[PyTorch] ONNX test fix + export for FP8 attention #2598

pggPL · 2026-01-14T19:20:22Z

Description

Fixes incorrect implementation of no_torch_dynamo decorator, which results in errors for newest PyTorch. The decorator was not correctly disabled during export to onnx.
Adds support for FP8 attention export.

Fixes #2588

Type of change

Documentation change (change only to the documentation, either a fix or a new content)
Bug fix (non-breaking change which fixes an issue)
New feature (non-breaking change which adds functionality)
Breaking change (fix or feature that would cause existing functionality to not work as expected)
Infra/Build change
Code refactoring

Changes

Please list the changes introduced in this PR:

Change A
Change B

Checklist:

I have read and followed the contributing guidelines
The functionality is complete
I have commented my code, particularly in hard-to-understand areas
I have made corresponding changes to the documentation
My changes generate no new warnings
I have added tests that prove my fix is effective or that my feature works
New and existing unit tests pass locally with my changes

Signed-off-by: Pawel Gadzinski <pgadzinski@nvidia.com>

for more information, see https://pre-commit.ci

Signed-off-by: Pawel Gadzinski <pgadzinski@nvidia.com>

for more information, see https://pre-commit.ci

greptile-apps · 2026-01-27T17:12:56Z

Greptile Overview

Greptile Summary

Fixed ONNX export for FP8 attention by addressing two key issues:

Critical Bug Fix: The no_torch_dynamo decorator was incorrectly checking ONNX export mode at decorator definition time rather than at runtime.

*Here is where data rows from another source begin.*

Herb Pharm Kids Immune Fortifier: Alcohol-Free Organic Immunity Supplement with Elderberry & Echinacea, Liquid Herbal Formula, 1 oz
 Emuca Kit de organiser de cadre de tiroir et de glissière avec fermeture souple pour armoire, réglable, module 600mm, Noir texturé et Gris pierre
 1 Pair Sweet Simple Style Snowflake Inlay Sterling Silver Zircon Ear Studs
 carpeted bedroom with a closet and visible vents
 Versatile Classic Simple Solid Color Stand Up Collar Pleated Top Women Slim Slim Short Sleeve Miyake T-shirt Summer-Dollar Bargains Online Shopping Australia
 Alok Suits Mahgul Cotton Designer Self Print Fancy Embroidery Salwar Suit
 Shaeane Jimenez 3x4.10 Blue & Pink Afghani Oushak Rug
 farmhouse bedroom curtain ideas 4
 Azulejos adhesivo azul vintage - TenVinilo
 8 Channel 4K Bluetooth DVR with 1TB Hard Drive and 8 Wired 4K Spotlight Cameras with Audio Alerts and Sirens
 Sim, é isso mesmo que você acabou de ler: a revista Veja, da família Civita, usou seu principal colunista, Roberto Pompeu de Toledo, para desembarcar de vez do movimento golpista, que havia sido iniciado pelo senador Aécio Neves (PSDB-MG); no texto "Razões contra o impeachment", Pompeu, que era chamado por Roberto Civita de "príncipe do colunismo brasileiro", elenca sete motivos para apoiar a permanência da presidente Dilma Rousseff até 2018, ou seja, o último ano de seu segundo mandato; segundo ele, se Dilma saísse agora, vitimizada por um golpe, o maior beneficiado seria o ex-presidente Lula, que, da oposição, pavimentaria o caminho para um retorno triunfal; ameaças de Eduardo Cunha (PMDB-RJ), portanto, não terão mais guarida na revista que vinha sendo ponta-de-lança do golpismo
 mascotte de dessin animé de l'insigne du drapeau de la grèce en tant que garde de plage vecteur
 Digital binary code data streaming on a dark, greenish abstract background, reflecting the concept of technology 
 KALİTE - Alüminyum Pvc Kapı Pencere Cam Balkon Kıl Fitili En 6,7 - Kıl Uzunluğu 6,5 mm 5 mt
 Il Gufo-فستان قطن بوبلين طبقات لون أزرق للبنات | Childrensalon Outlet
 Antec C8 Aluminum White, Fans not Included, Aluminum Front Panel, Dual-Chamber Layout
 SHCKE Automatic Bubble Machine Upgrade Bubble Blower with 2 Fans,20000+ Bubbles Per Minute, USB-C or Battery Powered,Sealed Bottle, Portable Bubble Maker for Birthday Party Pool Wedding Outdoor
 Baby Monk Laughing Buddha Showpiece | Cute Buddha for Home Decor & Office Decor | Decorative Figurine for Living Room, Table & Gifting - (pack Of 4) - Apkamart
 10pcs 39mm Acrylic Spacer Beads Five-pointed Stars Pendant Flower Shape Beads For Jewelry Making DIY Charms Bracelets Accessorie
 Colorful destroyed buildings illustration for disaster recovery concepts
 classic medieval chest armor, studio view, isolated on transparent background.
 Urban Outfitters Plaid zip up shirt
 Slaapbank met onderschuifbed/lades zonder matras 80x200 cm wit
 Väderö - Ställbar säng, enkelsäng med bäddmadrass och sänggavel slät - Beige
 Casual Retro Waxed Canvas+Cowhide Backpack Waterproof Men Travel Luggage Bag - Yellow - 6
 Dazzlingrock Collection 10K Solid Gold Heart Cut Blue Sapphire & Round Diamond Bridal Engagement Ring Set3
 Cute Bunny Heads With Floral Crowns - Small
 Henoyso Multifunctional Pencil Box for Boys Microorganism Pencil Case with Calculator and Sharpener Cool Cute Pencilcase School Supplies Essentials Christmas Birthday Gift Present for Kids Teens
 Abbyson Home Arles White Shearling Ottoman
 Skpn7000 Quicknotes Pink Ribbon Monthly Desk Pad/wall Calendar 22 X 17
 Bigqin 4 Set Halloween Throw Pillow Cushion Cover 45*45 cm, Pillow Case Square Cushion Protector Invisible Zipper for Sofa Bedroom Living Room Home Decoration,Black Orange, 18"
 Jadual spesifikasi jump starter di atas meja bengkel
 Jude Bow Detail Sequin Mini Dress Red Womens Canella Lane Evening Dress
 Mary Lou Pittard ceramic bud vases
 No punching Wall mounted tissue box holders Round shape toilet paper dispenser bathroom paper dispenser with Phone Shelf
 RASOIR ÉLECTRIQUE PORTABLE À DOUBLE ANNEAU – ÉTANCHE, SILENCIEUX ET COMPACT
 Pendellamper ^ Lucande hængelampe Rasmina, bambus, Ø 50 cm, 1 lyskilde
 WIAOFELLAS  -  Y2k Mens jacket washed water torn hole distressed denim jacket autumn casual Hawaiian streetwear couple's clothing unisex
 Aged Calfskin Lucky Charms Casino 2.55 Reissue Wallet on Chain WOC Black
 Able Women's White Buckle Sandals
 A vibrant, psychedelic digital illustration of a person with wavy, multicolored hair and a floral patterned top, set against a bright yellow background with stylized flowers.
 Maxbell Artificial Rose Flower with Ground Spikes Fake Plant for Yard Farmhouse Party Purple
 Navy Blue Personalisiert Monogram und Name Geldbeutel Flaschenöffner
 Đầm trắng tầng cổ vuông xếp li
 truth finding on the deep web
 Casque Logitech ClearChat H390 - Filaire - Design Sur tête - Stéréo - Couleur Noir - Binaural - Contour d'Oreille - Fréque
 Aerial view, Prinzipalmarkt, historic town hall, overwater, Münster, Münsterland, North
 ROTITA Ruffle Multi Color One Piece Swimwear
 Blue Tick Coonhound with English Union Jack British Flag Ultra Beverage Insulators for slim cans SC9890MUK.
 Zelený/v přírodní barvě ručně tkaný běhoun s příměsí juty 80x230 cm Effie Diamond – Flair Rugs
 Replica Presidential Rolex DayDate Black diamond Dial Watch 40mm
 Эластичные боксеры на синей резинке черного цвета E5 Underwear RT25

The old lambda-based implementation evaluated is_in_onnx_export_mode() when the decorator was applied, not when the function was called. This caused torch._dynamo to be disabled during ONNX export in newer PyTorch versions, breaking the export process. The new implementation properly wraps the function and checks export mode at runtime, allowing Dynamo to remain enabled during export.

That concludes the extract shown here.